Sovversioni del fotomontaggio politico: l'immagine agitata di John Heartfield

Rosanna Gangemi

The principle of classical composition, based on the isolated piece, presents the univocal image of a perfect world; that of the assembly of heterogeneous parts, a priori incompatible, reveals the contradictions of the existing. This intuition is at the basis of the photomontages of John Heartfield (1891-1968), one of the most innovative disrupter of visions of the twentieth century, pioneer of political photomontage, whose influence, going well beyond the limits of Dadaism, will extend to many more areas of the artistic world. In 1938, the philosopher Günther Anders (1902-1992) dedicated to him a quite unknown text, “On photomontage”.
This essay is mainly intended to account for Anders' original analysis of Heartfield's militant photo collages, defined as genuine judgments on the world.
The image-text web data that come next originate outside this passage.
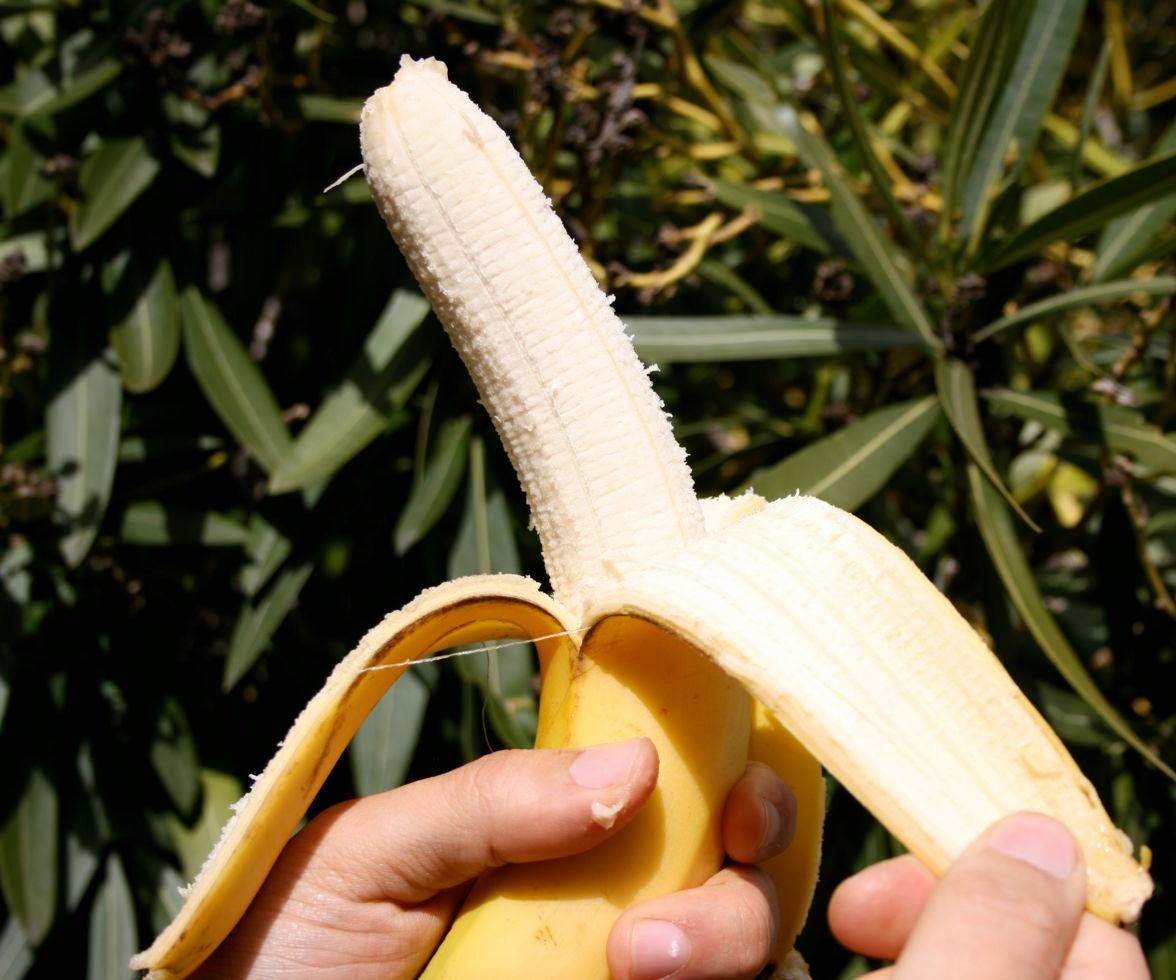 How to Eat a Banana Like a Monkey 7 Steps (with Pictures)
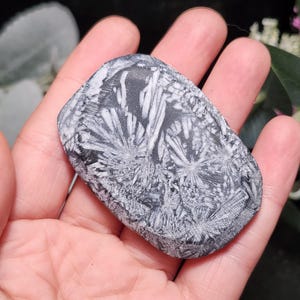 May include: A gray and white stone with a unique, intricate pattern resembling a floral design. The stone is held in a hand, showcasing its natural texture and color variations. The stone's shape is rectangular with rounded edges.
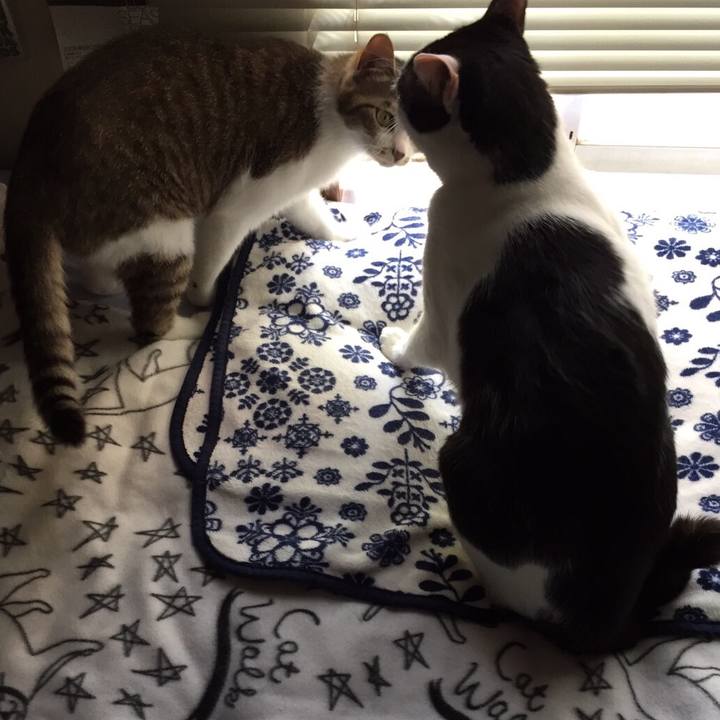 D498146d 8448 4ba4 b32f 97c8e3f392f8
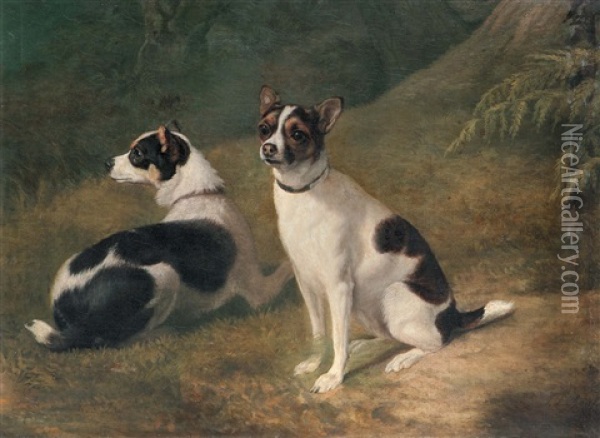 Deux Chiens - Zwei Jack Russel Terriers Oil Painting - Jacques-Laurent Agasse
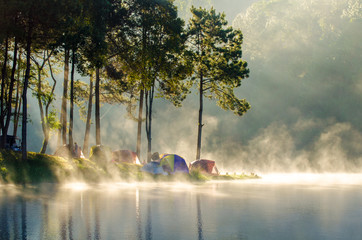 Wall Mural - morning in forest with camping in the mist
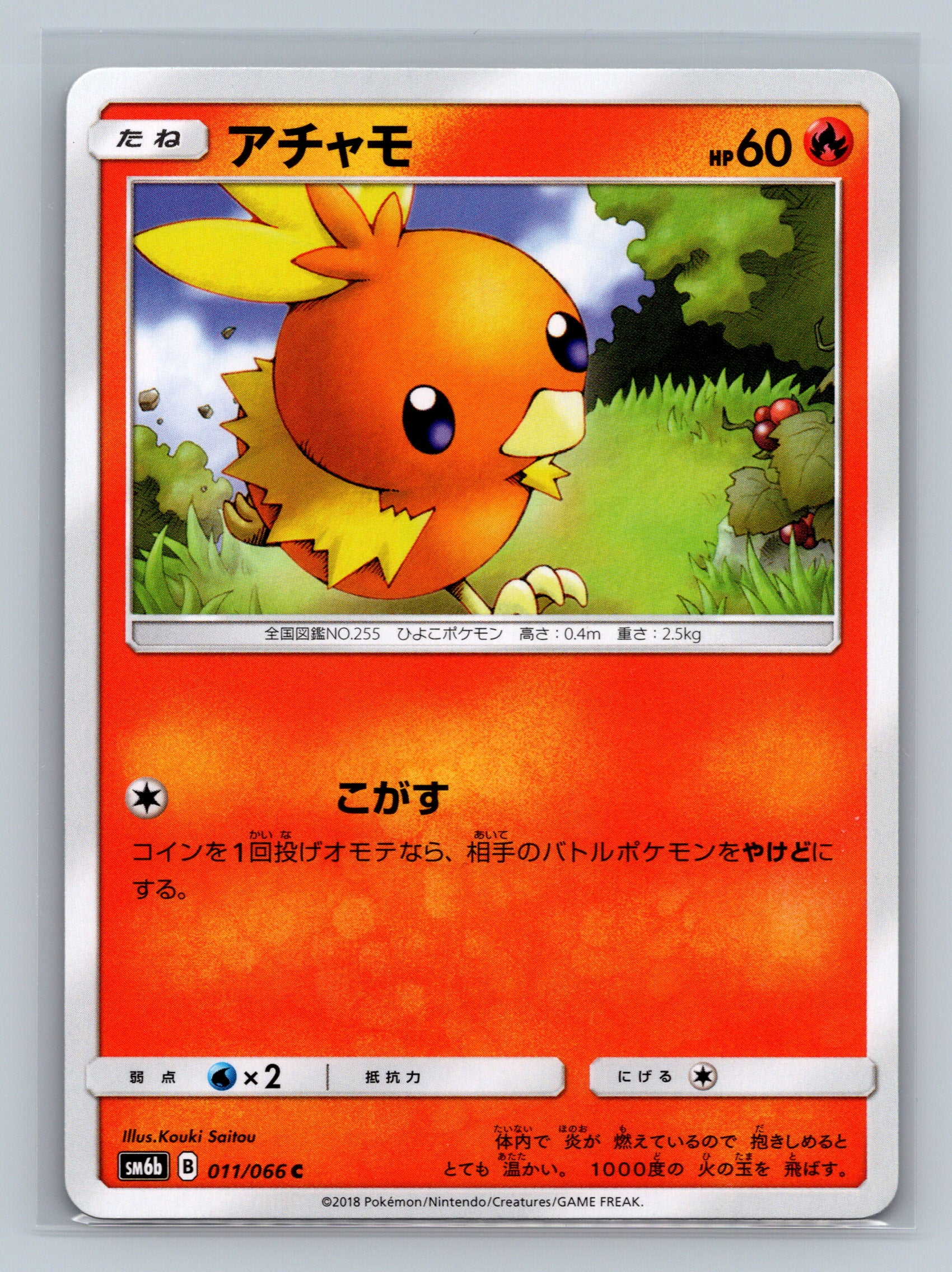 Torchic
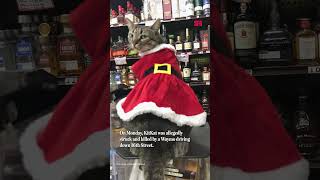 SF neighborhood mourns loss of bodega cat allegedly killed by Waymo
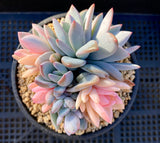 Pachyveria powder puff variegata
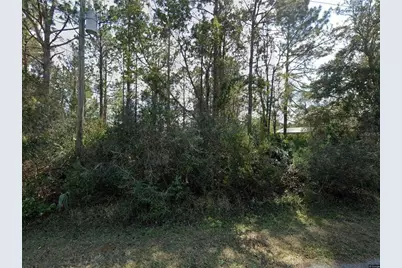 14 Ulawood Place, Palm Coast, FL 32164 - Photo 1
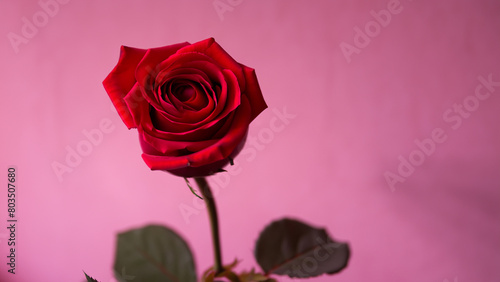 top shot red rose , studio light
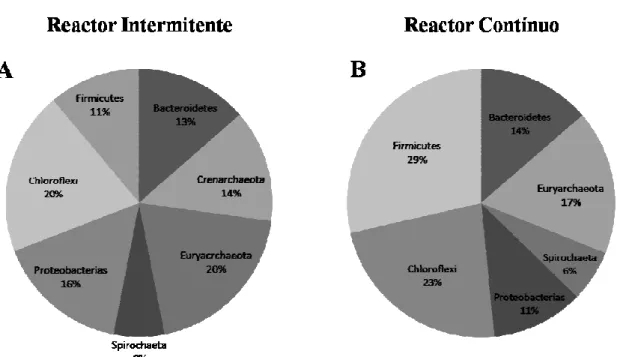 Fig.  3.2  –  Representação  gráfica  do  número  total  de  clones  obtidos  por  cada  filo  para  o  reactor  a  operar de modo intermitente (A) e para o reactor o operar de modo contínuo (B)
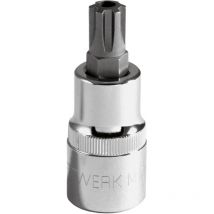 1/2' Loch-RIBE-Bit-Stecknuss M13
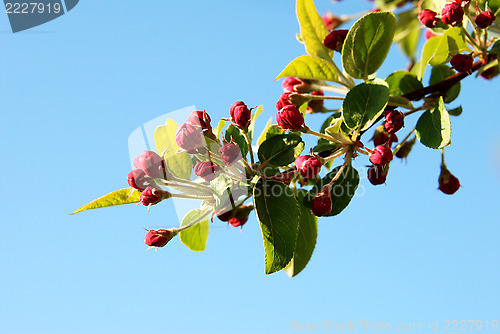 Image of Closeup of pink crab apple blossom buds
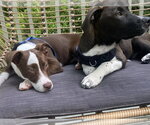Small #2 Whippet Mix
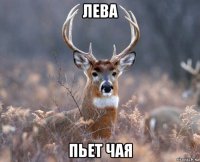 лева пьет чая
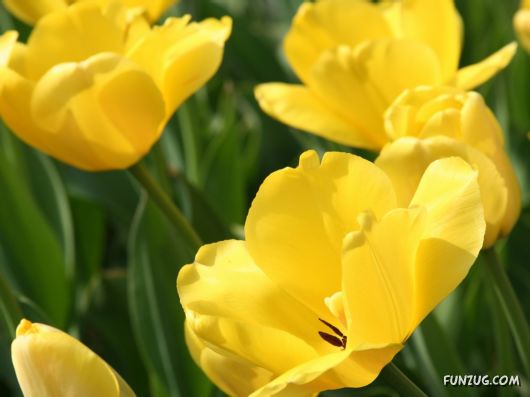 Click to Enlarge - Beautiful Colorful Flowers Wallpapers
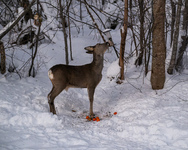 Rådyr (Capreolus capreolus)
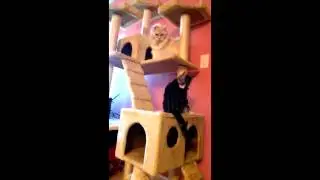 Cats Boxing in Cat Play Stations / Cat Play House 運動貓屋跳台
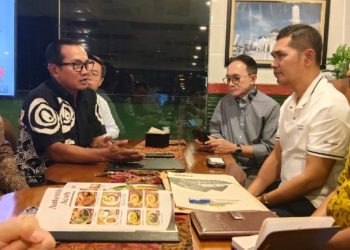 Sekda Aceh dan PLN Pusat Bahas Prospek Pengembangan Pembangkit Listrik Tenaga Surya (PLTS) di Aceh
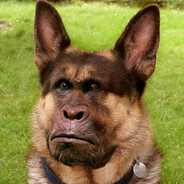 DILDOG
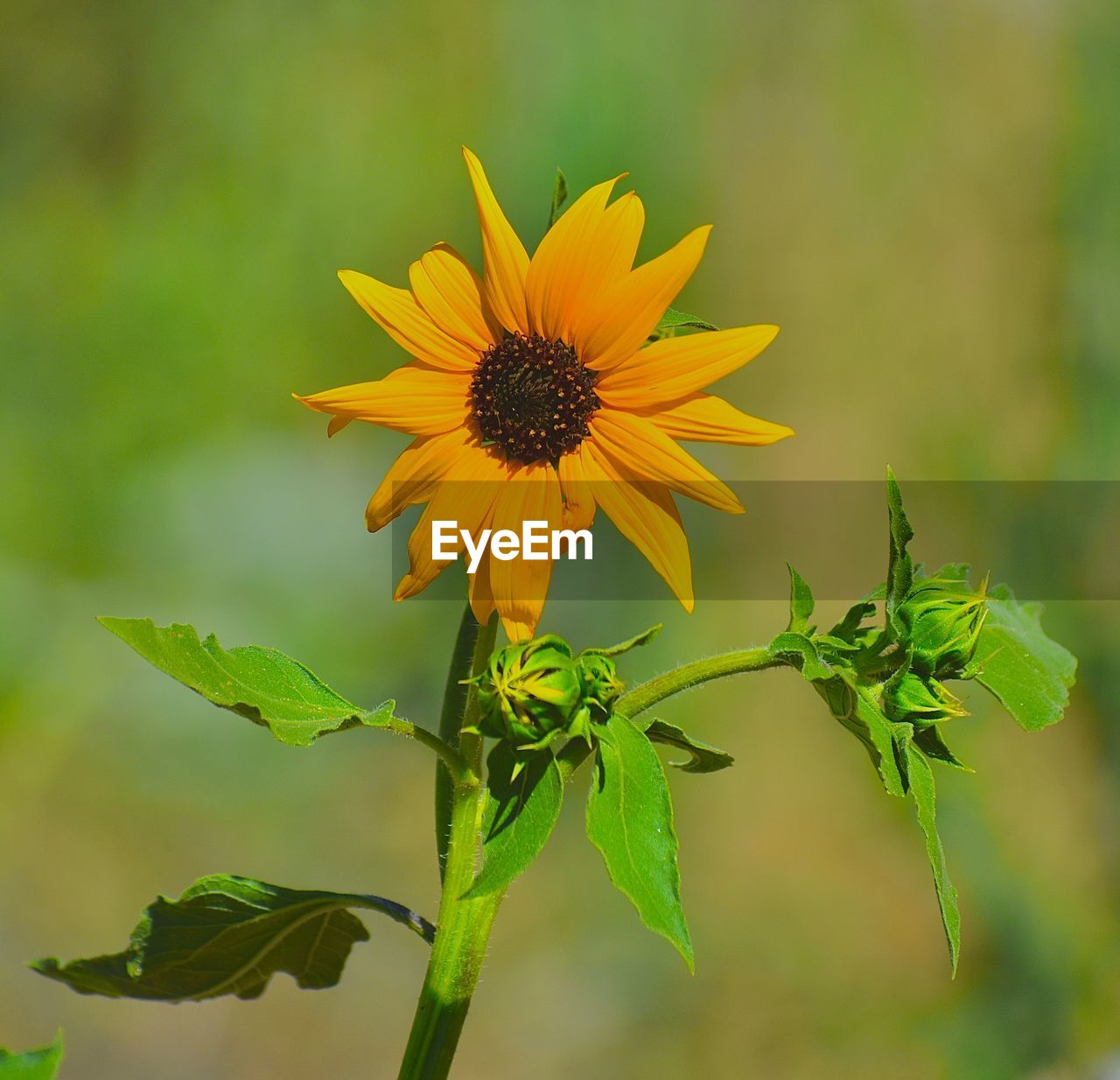 Close-up of yellow flowering plant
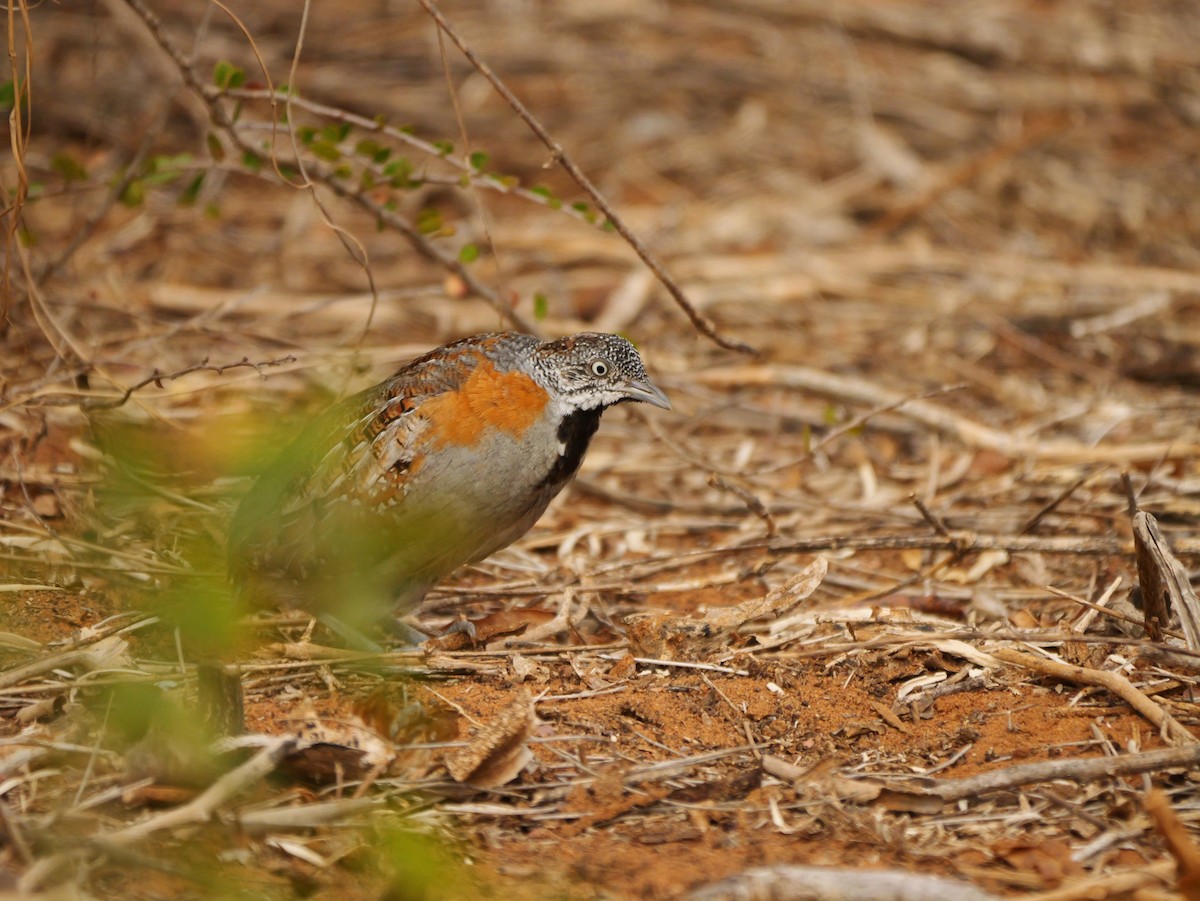 Madagascar Buttonquail - ML646725896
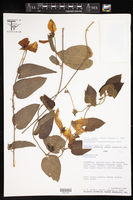 Dalechampia aristolochiifolia image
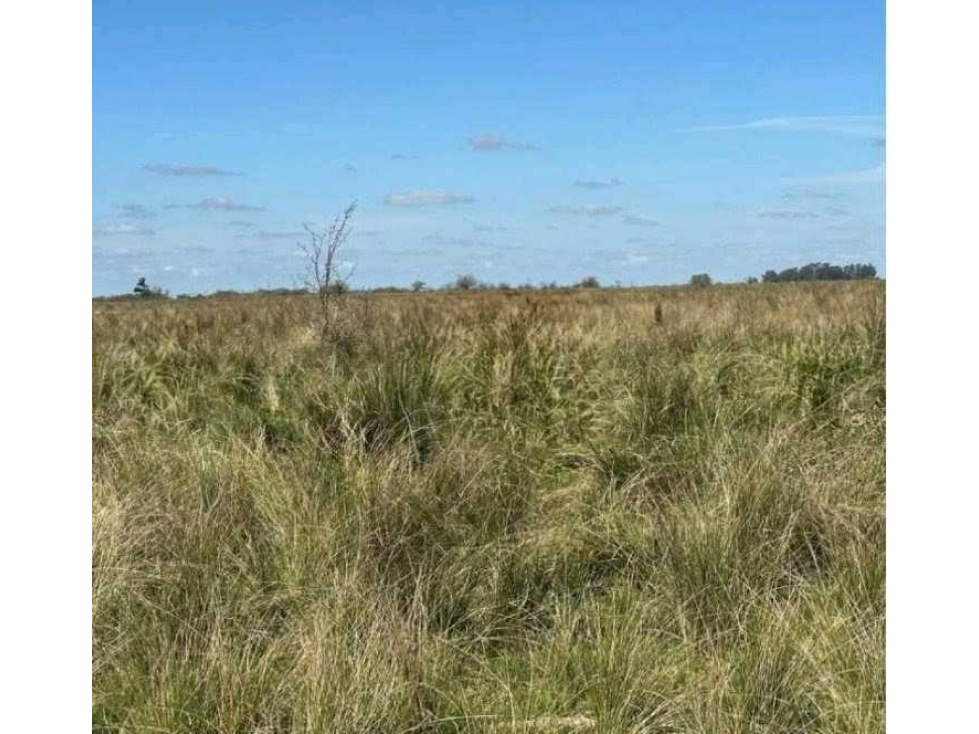 CAMPO 220 HECTAREAS, GANADERO, BRANDSEN, BUENOS AIRES, ARGENTINA - 3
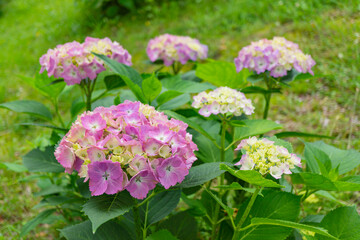 ピンク色のアジサイ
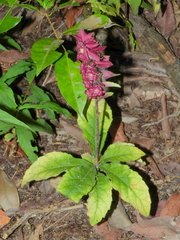 Angiospermae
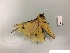  ( - RROU00540)  @12 [ ] Copyright (2017) Rodolphe Rougerie Museum national d'Histoire naturelle, Paris
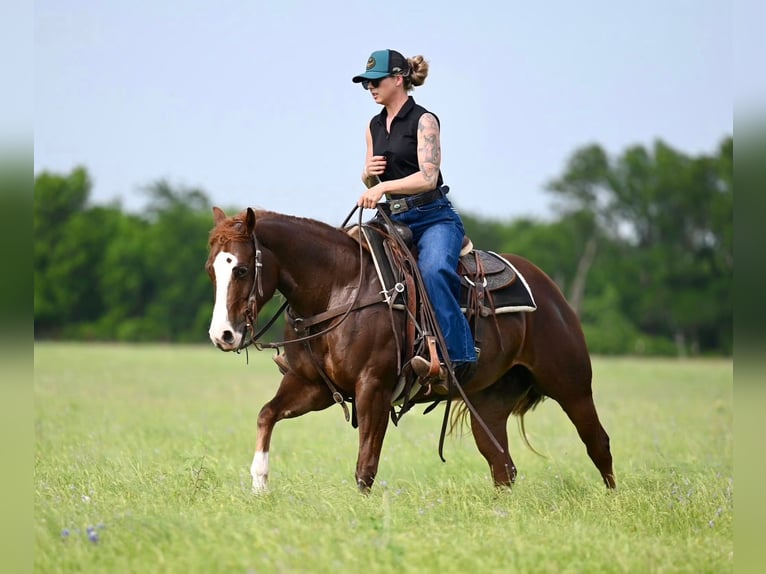 American Quarter Horse Giumenta 4 Anni 142 cm Sauro ciliegia in Waco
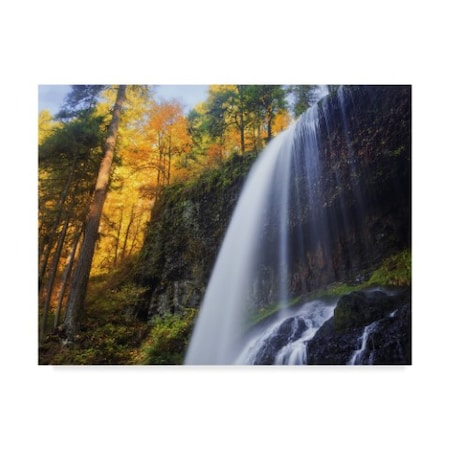Everlook Photography 'Silver Falls' Canvas Art,35x47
The topics that bring out what is profoundly new in his practice will be explored: the visual and rhetorical modalities that it promotes, the role it assigns to the recipient, and the necessarily ambivalent place in the world of art, up to the process of conception and diffusion resulting from certain collective creative dynamics, in particular the association with the painter George Grosz and, above all, the contribution of his brother, Wieland Herzfelde, to whom Heartfield owes many of the verbal statements that streak his visual pamphlets.